October 6, 2016
Iain Richards Blog: Getting OSR off to a good start
Unlike the Eastern counties, we’re growing much the same area of winter rape as last season. In most cases, the rape harvest was disappointing but by no means disastrous. And our only realistic rotational alternative was more pulses which proved equally disappointing through the combine.
So with rapeseed prices showing an encouraging upturn in marked contrast to pulse returns, our decision wasn’t difficult; especially with no history of serious flea beetle problems.
Flea beetle has, however, proved much more of a challenge in Oxfordshire this time around, coming in at the expanded cotyledon stage and requiring up to three pyrethroid sprays to hold at bay. Thankfully, it has continued to be far less threatening in Hampshire. Even so, the pest has been visibly holding back crops here on the lighter chalky soils where moisture has been more limiting.

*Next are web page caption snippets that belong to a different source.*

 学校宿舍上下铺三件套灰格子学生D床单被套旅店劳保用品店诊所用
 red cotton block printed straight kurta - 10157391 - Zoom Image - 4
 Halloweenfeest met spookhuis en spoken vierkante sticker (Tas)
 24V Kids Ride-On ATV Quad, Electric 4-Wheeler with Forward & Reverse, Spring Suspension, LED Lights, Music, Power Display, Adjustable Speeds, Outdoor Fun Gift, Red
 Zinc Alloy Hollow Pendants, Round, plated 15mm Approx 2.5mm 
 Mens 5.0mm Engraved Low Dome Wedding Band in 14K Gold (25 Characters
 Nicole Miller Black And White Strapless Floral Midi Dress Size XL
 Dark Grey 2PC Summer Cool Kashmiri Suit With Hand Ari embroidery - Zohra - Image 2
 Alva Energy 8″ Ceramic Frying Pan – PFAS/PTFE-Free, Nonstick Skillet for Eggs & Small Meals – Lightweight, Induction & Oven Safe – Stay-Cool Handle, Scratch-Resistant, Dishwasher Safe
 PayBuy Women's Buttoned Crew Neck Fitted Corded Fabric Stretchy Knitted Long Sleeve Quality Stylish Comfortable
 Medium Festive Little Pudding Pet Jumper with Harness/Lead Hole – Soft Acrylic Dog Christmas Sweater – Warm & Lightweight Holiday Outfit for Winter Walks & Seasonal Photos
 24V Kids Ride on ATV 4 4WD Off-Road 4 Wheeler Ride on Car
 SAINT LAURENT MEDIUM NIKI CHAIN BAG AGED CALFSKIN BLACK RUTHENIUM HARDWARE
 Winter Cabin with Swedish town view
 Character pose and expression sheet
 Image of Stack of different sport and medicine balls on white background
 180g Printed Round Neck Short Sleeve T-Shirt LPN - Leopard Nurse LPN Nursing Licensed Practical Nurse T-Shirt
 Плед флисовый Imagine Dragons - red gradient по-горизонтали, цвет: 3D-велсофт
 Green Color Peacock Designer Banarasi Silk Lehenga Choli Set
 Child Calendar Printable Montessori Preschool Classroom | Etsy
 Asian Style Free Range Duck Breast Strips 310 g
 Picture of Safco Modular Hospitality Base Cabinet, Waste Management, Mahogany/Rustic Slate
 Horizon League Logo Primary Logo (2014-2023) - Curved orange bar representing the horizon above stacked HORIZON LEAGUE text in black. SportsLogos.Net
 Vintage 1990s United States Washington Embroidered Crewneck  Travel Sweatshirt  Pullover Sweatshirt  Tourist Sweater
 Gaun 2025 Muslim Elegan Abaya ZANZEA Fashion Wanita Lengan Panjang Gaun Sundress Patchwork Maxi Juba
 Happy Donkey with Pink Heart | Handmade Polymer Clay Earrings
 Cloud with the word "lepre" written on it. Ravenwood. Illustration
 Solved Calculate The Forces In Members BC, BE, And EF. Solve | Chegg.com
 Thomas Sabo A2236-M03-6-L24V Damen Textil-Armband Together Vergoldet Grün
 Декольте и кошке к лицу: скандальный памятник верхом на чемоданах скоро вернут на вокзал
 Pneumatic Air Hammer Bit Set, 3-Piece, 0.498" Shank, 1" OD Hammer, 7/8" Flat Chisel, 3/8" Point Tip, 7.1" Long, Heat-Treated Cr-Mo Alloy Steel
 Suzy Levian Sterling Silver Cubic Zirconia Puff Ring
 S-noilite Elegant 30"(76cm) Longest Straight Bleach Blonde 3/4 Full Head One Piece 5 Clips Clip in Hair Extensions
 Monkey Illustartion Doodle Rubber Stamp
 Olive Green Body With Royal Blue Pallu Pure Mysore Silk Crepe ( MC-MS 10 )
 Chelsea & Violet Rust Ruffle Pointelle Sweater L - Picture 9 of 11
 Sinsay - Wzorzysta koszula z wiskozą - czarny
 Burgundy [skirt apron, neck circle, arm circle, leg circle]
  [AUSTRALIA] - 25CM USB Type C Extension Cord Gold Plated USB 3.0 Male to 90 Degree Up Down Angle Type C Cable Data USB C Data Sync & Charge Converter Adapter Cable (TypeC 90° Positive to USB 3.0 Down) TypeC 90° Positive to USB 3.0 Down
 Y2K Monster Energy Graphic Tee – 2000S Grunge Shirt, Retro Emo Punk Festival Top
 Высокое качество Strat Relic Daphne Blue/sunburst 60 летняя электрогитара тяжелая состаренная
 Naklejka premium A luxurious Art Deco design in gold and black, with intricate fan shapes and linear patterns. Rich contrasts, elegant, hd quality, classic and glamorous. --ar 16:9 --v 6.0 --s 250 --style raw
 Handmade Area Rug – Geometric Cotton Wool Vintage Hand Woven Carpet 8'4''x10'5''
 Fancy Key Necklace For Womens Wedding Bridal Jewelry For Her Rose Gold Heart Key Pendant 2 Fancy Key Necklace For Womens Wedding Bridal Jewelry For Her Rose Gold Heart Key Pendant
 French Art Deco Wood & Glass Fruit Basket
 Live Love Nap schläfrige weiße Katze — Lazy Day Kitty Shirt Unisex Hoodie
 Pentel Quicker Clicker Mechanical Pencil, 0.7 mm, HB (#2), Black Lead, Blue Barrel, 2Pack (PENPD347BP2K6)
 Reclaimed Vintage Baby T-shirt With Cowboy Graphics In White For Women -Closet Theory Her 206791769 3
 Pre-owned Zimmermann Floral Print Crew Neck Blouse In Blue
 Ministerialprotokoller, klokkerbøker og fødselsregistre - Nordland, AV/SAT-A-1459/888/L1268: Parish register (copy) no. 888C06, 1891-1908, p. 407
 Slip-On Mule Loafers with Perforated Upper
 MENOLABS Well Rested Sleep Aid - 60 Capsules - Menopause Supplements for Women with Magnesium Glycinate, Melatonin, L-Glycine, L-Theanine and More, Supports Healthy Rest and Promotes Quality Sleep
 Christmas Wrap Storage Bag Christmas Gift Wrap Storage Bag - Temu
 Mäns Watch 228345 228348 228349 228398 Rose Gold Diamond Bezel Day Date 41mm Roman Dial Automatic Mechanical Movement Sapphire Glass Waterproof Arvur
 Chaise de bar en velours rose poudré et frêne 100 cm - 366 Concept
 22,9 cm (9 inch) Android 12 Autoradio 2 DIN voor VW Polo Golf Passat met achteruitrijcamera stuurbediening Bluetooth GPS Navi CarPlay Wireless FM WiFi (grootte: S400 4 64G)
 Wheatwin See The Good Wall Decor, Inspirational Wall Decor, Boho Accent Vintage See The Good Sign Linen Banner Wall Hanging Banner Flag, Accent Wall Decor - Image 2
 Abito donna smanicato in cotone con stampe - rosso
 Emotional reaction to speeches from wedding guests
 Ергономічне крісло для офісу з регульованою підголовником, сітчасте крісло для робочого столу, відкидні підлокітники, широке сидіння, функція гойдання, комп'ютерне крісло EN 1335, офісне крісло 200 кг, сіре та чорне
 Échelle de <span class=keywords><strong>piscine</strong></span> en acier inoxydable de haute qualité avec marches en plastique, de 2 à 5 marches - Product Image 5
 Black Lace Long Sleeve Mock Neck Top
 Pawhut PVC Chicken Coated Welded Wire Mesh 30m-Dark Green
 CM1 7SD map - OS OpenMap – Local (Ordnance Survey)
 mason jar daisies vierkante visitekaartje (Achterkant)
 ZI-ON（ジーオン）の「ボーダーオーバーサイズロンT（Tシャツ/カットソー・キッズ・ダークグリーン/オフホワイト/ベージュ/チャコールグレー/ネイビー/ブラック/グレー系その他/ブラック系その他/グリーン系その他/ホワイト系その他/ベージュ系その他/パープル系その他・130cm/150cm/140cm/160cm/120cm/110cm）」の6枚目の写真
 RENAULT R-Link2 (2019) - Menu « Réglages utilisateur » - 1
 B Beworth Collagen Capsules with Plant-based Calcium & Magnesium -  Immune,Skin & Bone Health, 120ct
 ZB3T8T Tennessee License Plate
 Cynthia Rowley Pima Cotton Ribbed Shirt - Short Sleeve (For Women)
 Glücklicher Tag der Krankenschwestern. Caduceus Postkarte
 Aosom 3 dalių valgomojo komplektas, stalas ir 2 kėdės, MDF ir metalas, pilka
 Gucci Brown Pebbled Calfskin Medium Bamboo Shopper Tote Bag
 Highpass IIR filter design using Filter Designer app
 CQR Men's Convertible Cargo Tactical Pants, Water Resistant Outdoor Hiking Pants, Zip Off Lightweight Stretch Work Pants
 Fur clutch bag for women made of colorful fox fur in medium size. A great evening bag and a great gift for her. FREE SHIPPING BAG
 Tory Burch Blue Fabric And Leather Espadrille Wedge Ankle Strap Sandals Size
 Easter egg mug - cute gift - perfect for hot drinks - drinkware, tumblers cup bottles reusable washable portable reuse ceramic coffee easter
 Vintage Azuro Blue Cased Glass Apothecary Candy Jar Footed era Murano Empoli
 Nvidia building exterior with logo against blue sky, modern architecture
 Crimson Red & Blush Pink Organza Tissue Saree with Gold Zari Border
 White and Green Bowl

We held off rape drilling for as long as we dared in August, only starting on the 22nd once some useful rain was in prospect. This allowed our crops to get off to a generally good early September start, with just enough moisture since to keep them going well on all but our lightest ground.
Our best, most even rape establishment has again come from drilled rather than subsoiler-sown crops, courtesy of a more consistent sowing depth and better seed-to-soil contact. Removing cereal straw has noticeably improved establishment too, as well as making our early slug control challenge more manageable.
We’ve seen a lot of leaf miner activity in the rape this season. At the same time, downy mildew has also been an issue in some cases. Neither of these would be a problem on their own. Alongside the flea beetles and slugs, though, they’ve been responsible for some fairly substantial variations in crop development between and within fields.
Aided by a good dose of root-boosting Nutri-Phite PGA with their insecticide, our mainly fast-developing hybrid rapes seem to be nicely through the danger period now. Some have just had their Centurion Max. In most cases, though, this is still a week away as the black-grass has been so slow to come through and the last thing we want is to have to go in with our propyzamide before both the crops and the conditions are right.
Having said that, black-grass emergence really seems have hotted-up in the past 10 days as moisture levels have improved. Just in time for us to spray off a good flush ahead of our winter barley drilling.
While we won’t be sowing wheat into black-grass ground until the middle of October, much of it has just had its first stubble glyphosate – mainly to get rid of some pretty substantial volunteer rape levels that have been getting in the way of black-grass germination. This should give us the time we need to stimulate the maximum amount of black-grass growth for spraying-off immediately ahead of drilling.